(Collected data)
= = =

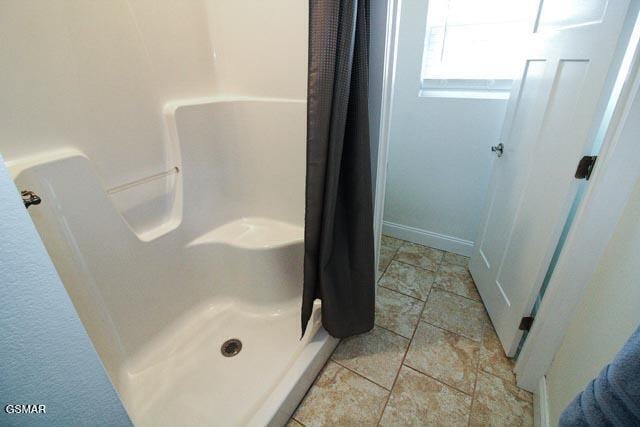 bathroom featuring a shower with curtain and tile patterned flooring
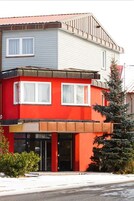A two-story building with a red and grey facade, a visible entrance, and a small tree to the right.
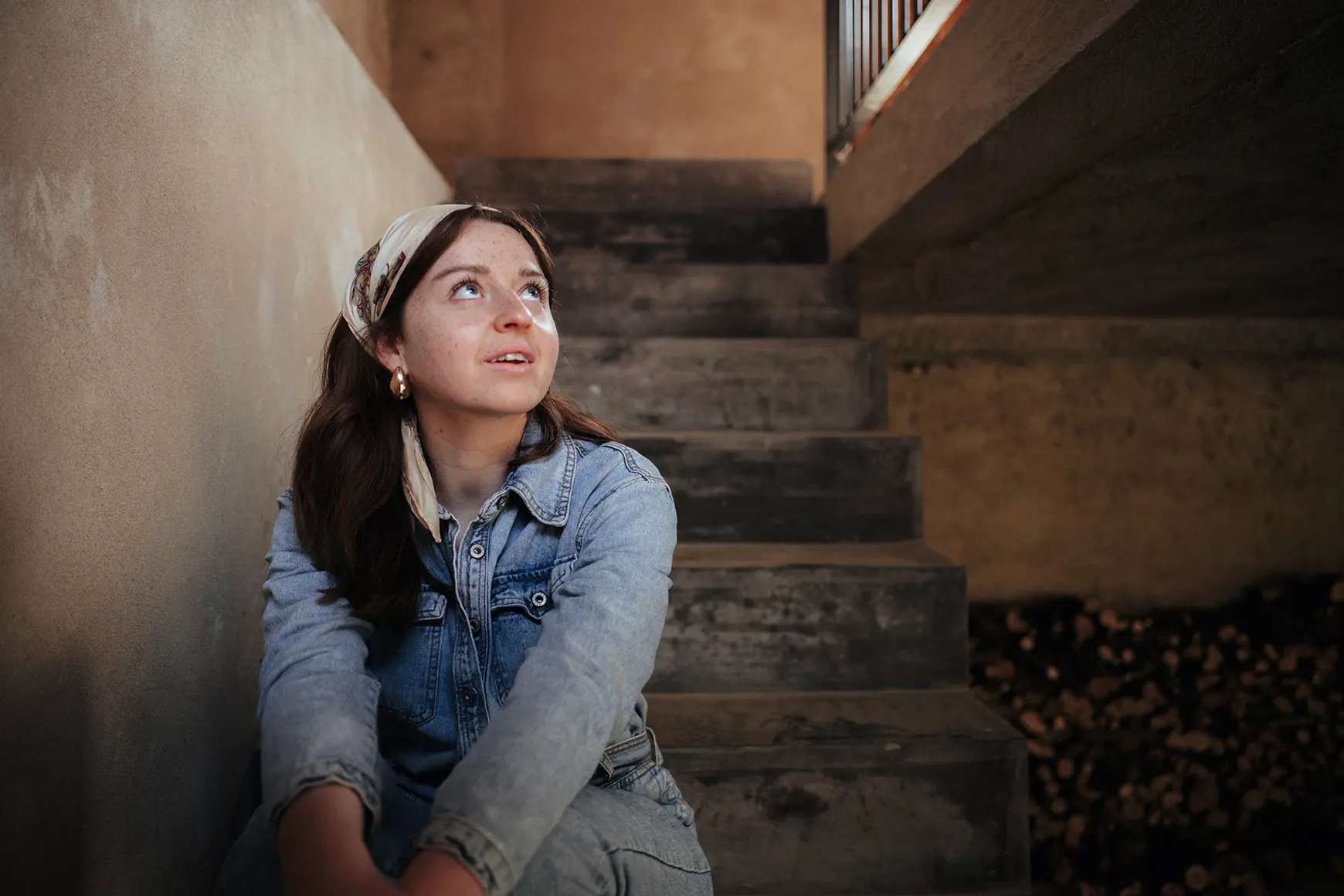 Model sits on a staircase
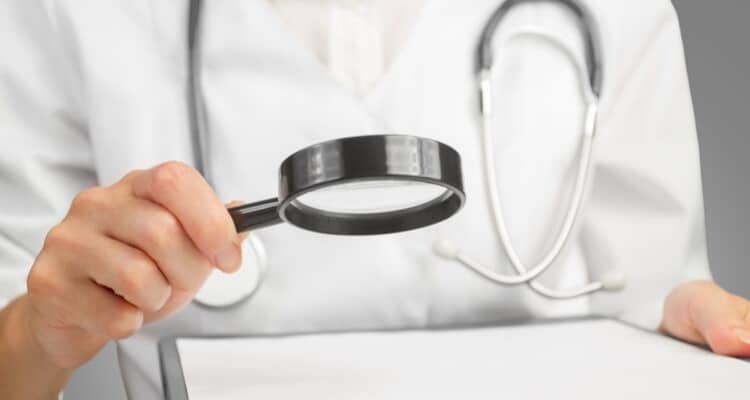 a nurse researcher looking at a magnifying glass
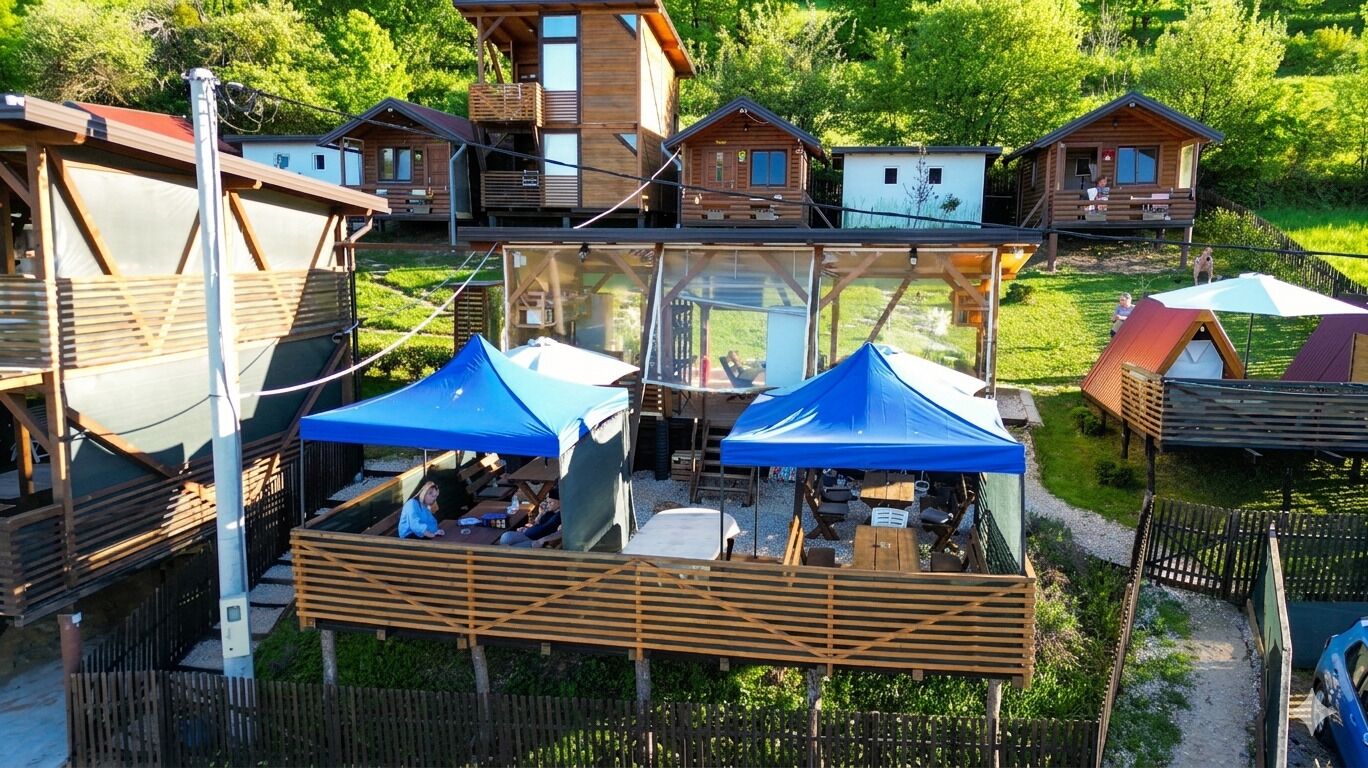 A wooden cabin complex with multiple levels, outdoor seating, and a glass-enclosed area.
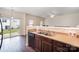 Open kitchen with sleek appliances, leading to an outdoor patio at 13612 Singleleaf Ln, Charlotte, NC 28278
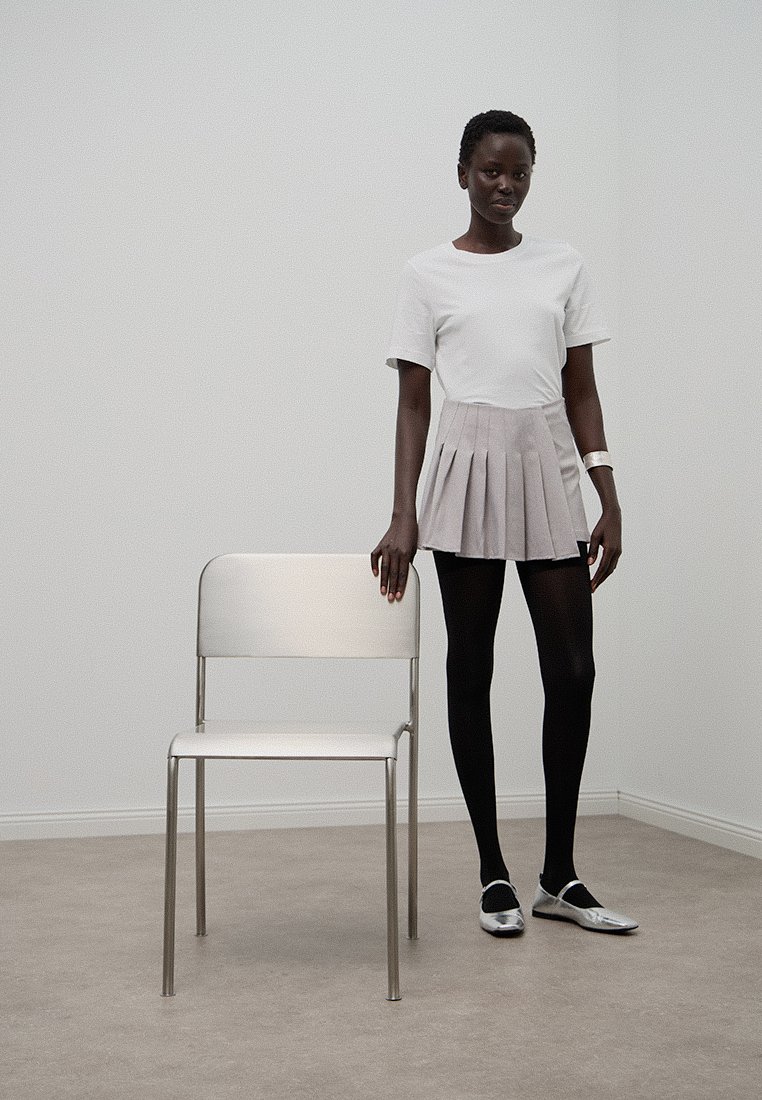 Biała koszulka, jasnoszara plisowana spódnica, czarne rajstopy i srebrne buty. Metalowe krzesło obok modelki w minimalistycznym otoczeniu.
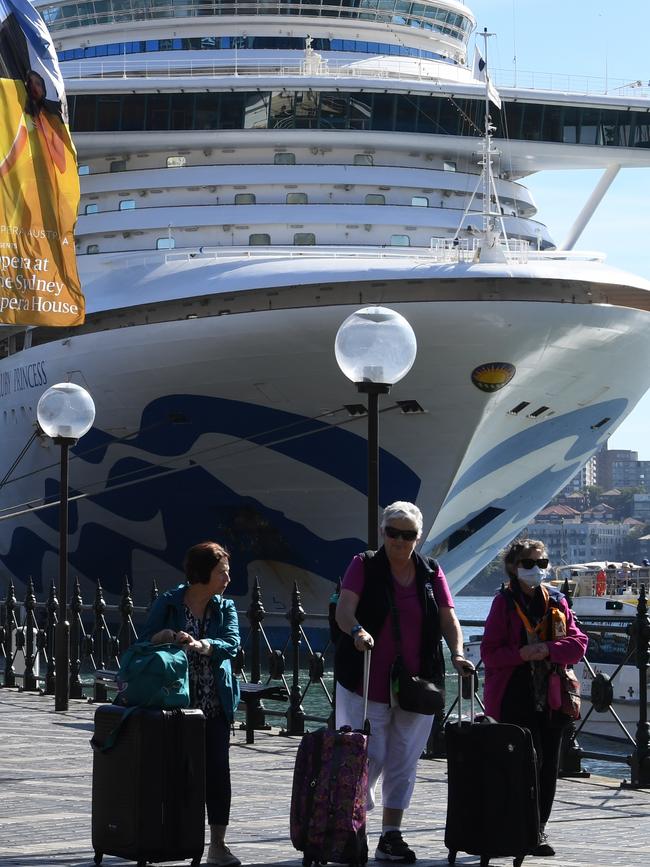 Cruise ship passengers disembark from the Ruby Princess in Sydney on Thursday. Picture: AAP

= = =

Activity:
Only the lines from the one with "A wooden cabin" through the end of the data, both ends included, should be written out exactly, and no pictures should appear.

Solution:
 A wooden cabin complex with multiple levels, outdoor seating, and a glass-enclosed area.
 Open kitchen with sleek appliances, leading to an outdoor patio at 13612 Singleleaf Ln, Charlotte, NC 28278
 Biała koszulka, jasnoszara plisowana spódnica, czarne rajstopy i srebrne buty. Metalowe krzesło obok modelki w minimalistycznym otoczeniu.
 Cruise ship passengers disembark from the Ruby Princess in Sydney on Thursday. Picture: AAP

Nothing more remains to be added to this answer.